**Task statement:**
Retype nothing except the lines below from the one with "luluu_l online show from January 11, 8:43 am" through the one with "THE YACHT CLUB AVENTURA - Residential", exactly, with images left out.

**Task inputs:**
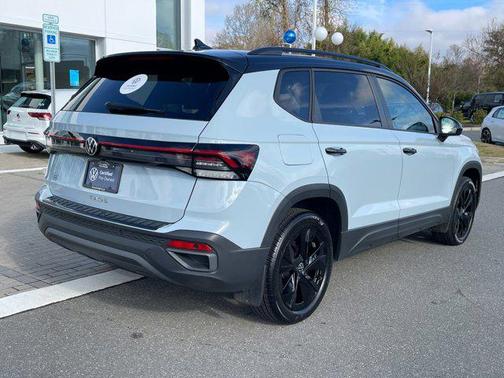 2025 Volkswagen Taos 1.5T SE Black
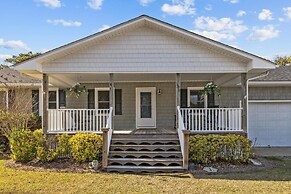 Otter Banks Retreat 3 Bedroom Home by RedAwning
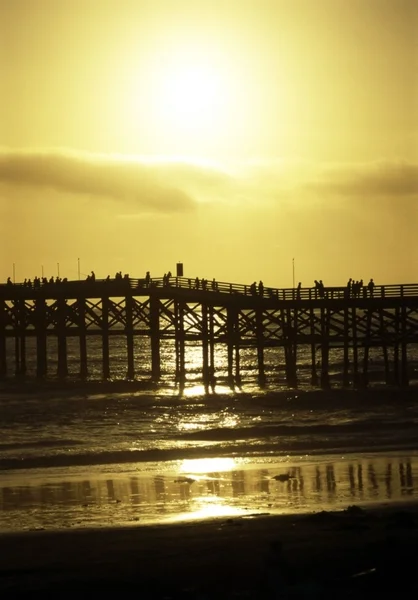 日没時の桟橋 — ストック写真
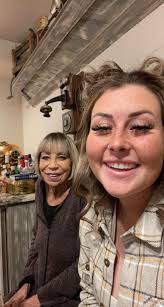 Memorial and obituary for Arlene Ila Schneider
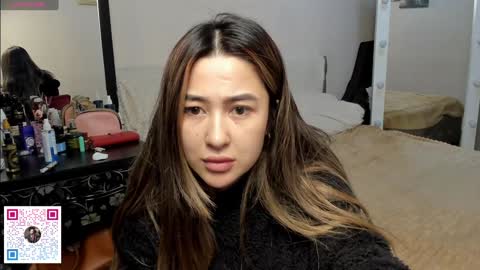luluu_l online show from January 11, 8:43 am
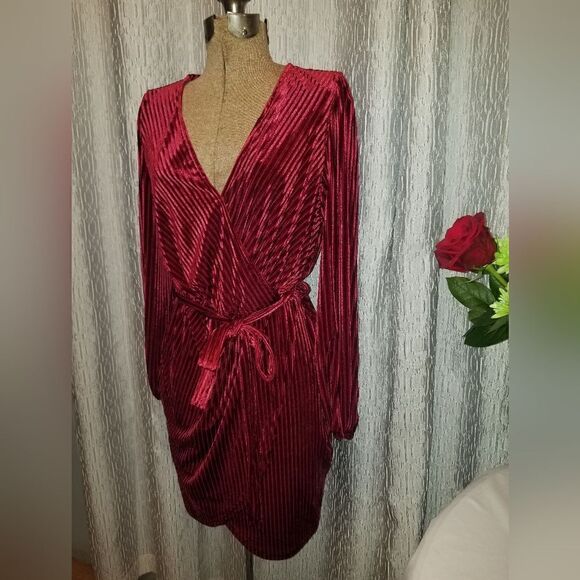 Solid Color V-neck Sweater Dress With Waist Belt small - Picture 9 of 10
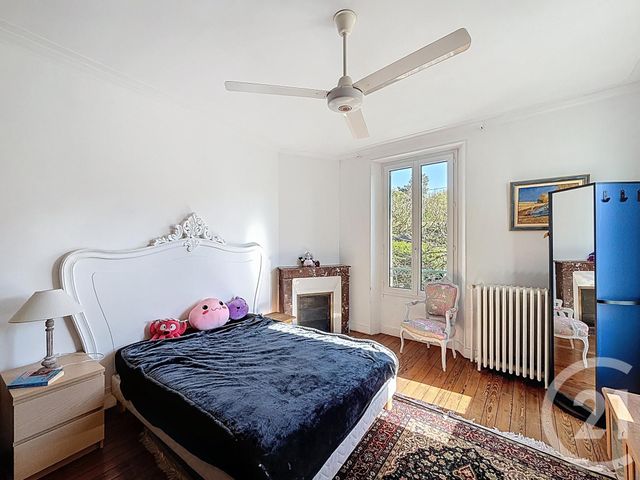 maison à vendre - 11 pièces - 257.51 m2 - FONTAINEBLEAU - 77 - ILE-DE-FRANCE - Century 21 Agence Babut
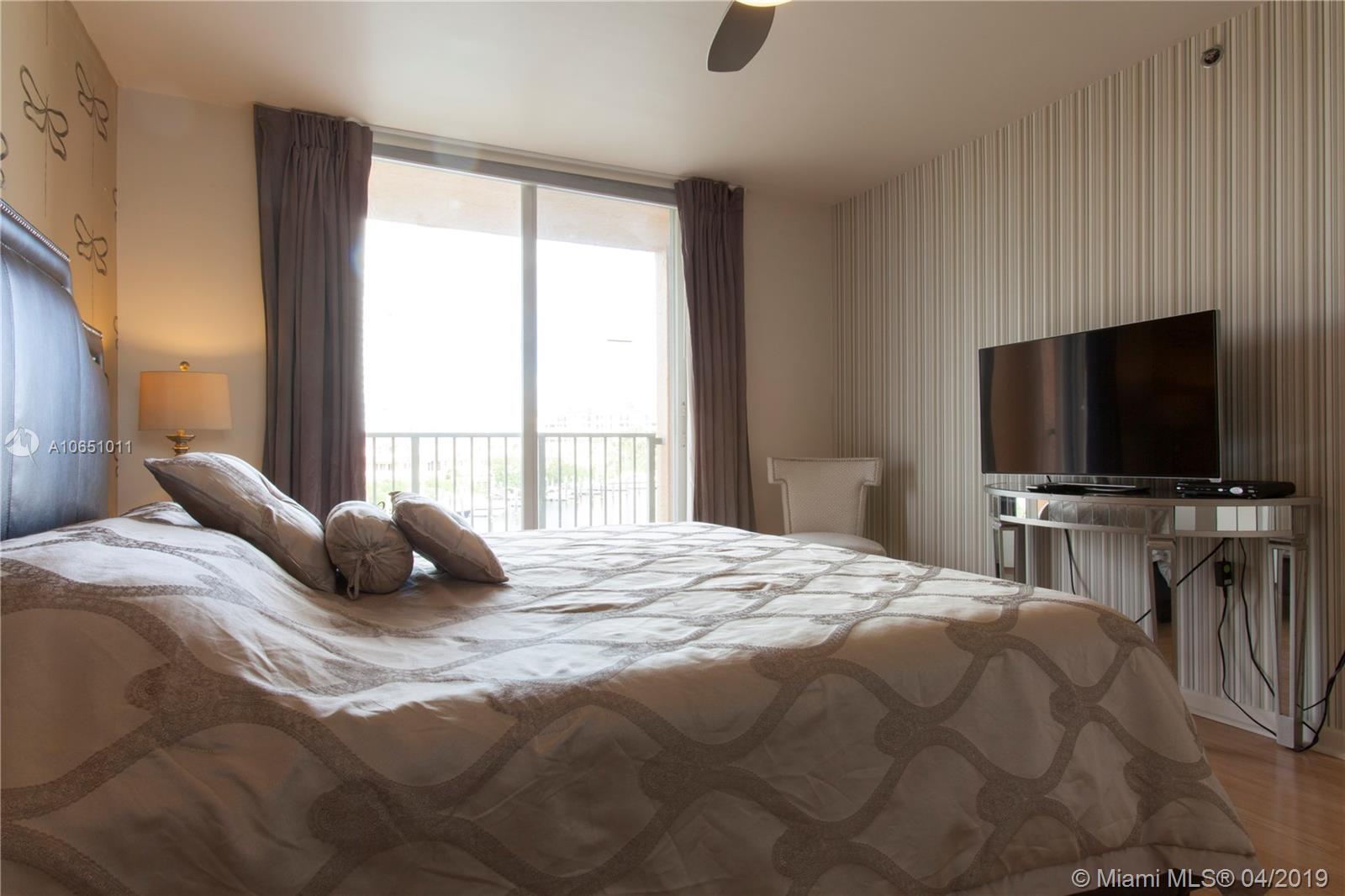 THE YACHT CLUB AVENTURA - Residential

==

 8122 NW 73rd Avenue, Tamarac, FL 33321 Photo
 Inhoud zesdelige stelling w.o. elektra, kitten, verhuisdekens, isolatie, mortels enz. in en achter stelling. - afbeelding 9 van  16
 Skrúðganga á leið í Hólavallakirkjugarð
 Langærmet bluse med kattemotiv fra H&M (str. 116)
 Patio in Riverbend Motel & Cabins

==

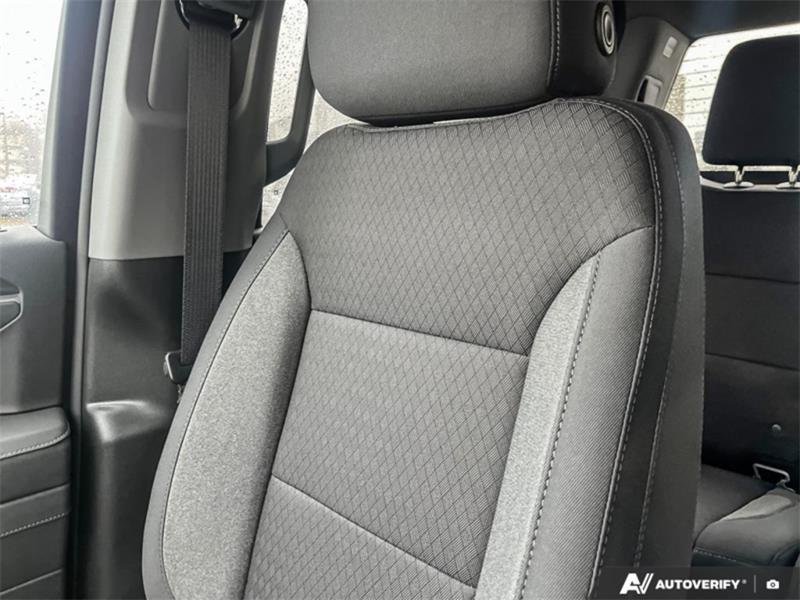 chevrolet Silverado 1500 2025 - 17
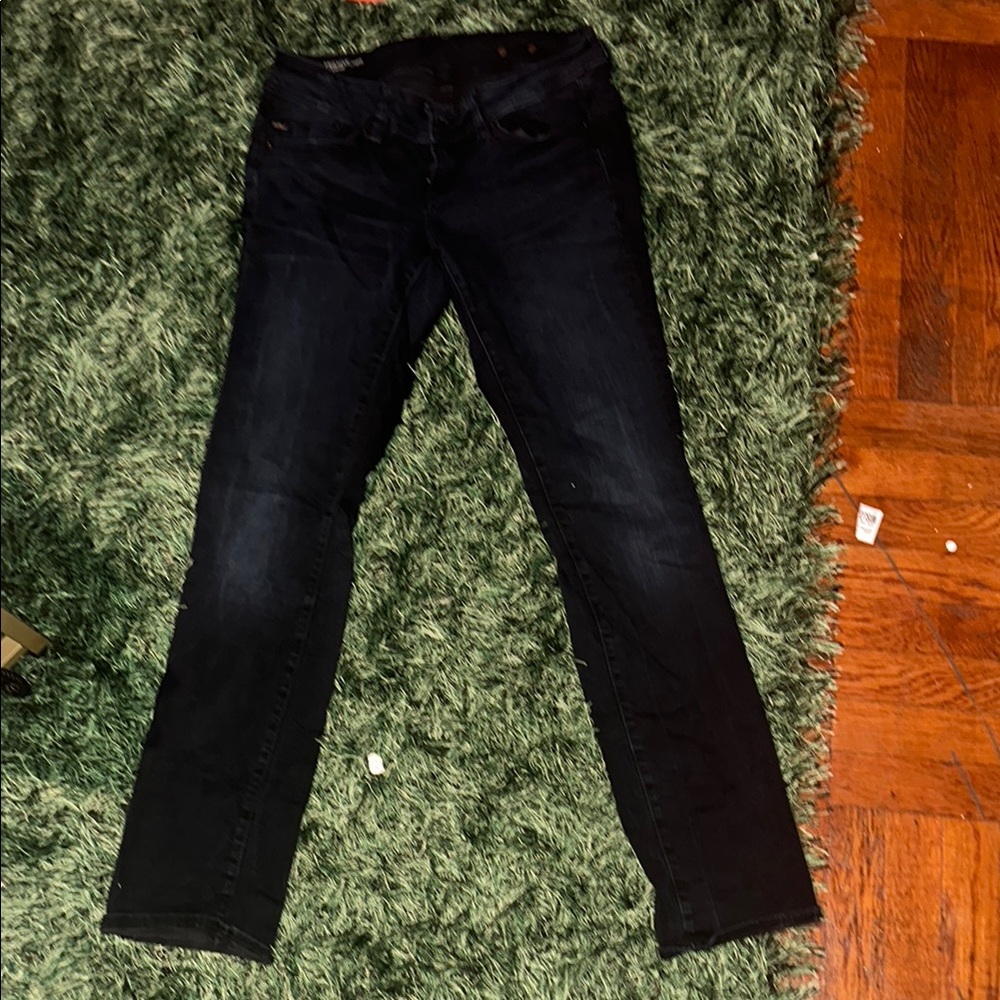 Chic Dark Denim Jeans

**Answer to this problem:**
luluu_l online show from January 11, 8:43 am
 Solid Color V-neck Sweater Dress With Waist Belt small - Picture 9 of 10
 maison à vendre - 11 pièces - 257.51 m2 - FONTAINEBLEAU - 77 - ILE-DE-FRANCE - Century 21 Agence Babut
 THE YACHT CLUB AVENTURA - Residential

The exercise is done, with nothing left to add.